**Task to complete:** Below are several records. Retype exactly those lines running from the one with "原装供应电信 XSDH607339 061993！ ！" through the one with "42 第40话 又被套路？", end lines included, and no others.

**Records for the task:**
=== Section Start ===

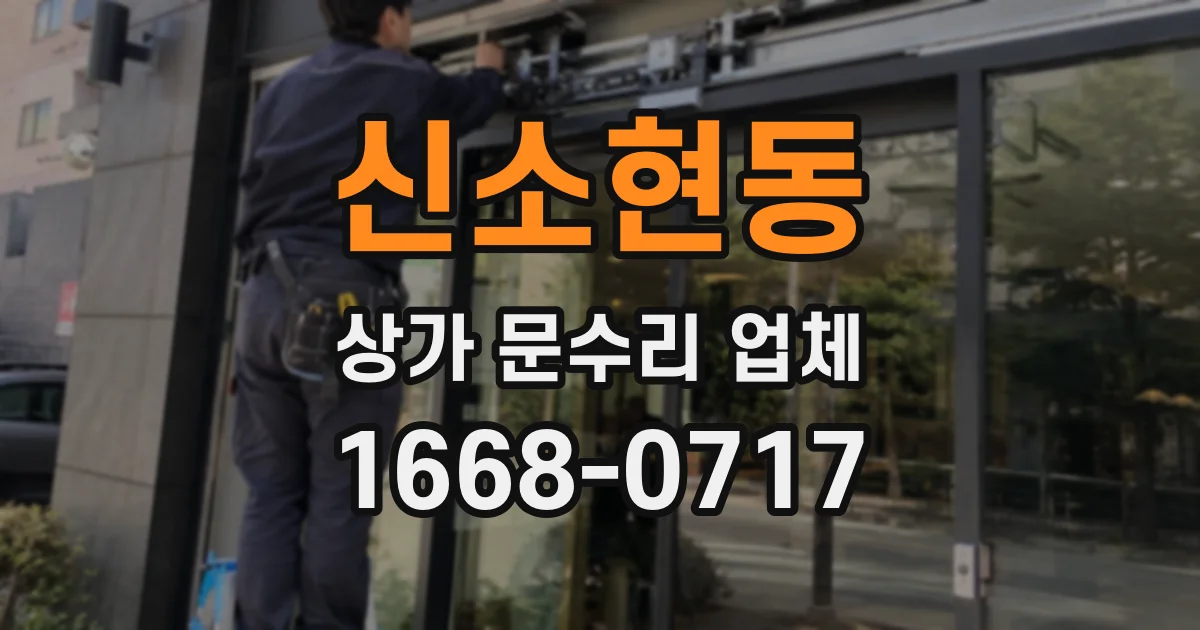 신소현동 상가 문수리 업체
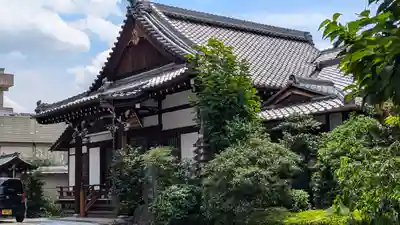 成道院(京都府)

=== Section End ===
=== Section Start ===

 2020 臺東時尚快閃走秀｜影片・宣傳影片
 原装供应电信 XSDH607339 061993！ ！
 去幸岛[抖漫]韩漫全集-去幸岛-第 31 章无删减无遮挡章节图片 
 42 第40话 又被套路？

=== Section End ===

**Exercise answer:**
 原装供应电信 XSDH607339 061993！ ！
 去幸岛[抖漫]韩漫全集-去幸岛-第 31 章无删减无遮挡章节图片 
 42 第40话 又被套路？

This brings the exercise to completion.